Required work = Reproduce the listing that follows character for character, excluding its pictures.

Dataset section =
+ + +
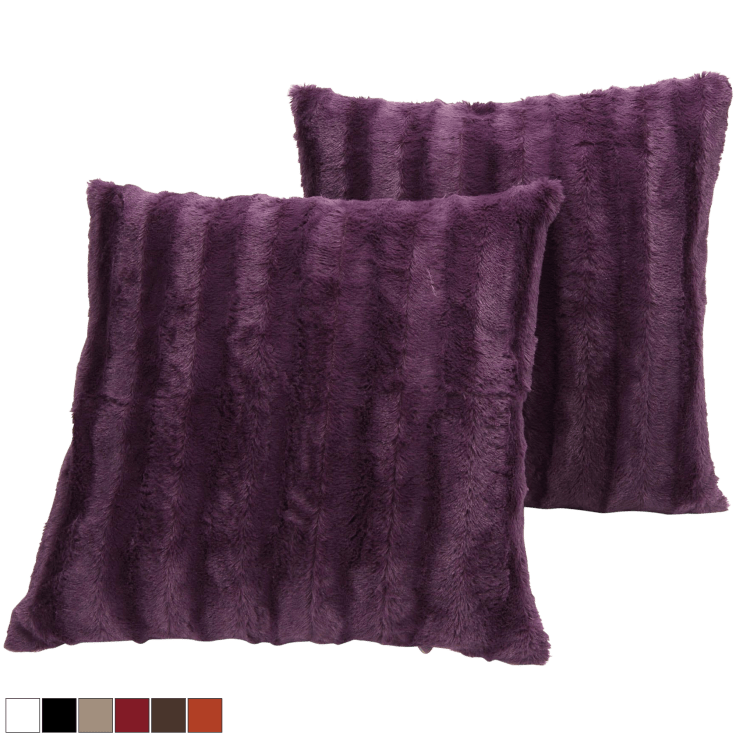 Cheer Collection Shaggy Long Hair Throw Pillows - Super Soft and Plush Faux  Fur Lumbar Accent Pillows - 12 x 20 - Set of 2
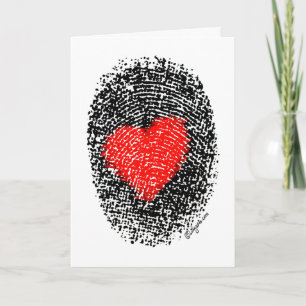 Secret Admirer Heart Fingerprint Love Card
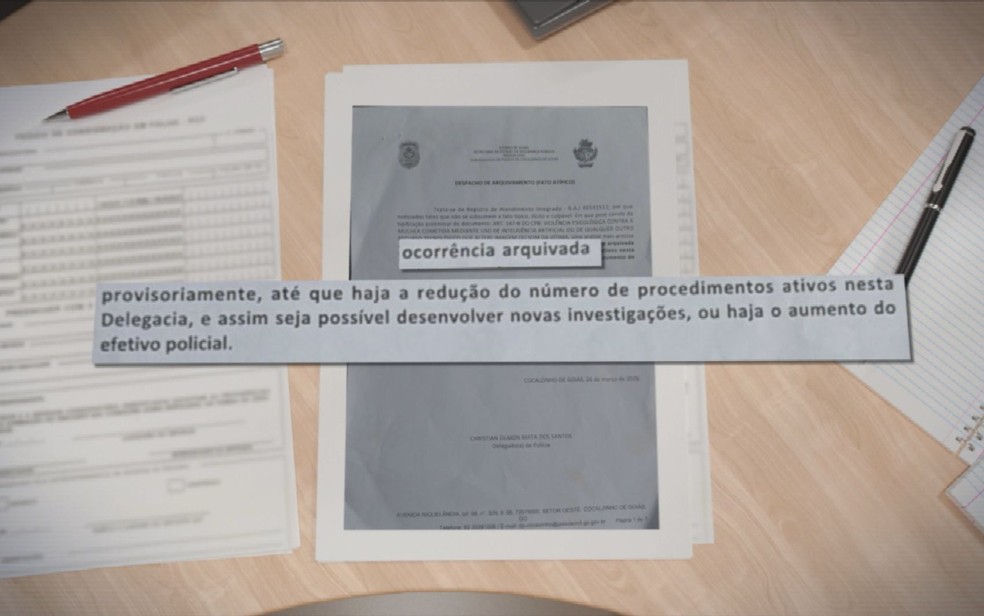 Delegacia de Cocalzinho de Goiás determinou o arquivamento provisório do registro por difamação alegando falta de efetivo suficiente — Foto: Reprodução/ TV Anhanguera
+ + +
Task answer =
 Cheer Collection Shaggy Long Hair Throw Pillows - Super Soft and Plush Faux  Fur Lumbar Accent Pillows - 12 x 20 - Set of 2
 Secret Admirer Heart Fingerprint Love Card
 Delegacia de Cocalzinho de Goiás determinou o arquivamento provisório do registro por difamação alegando falta de efetivo suficiente — Foto: Reprodução/ TV Anhanguera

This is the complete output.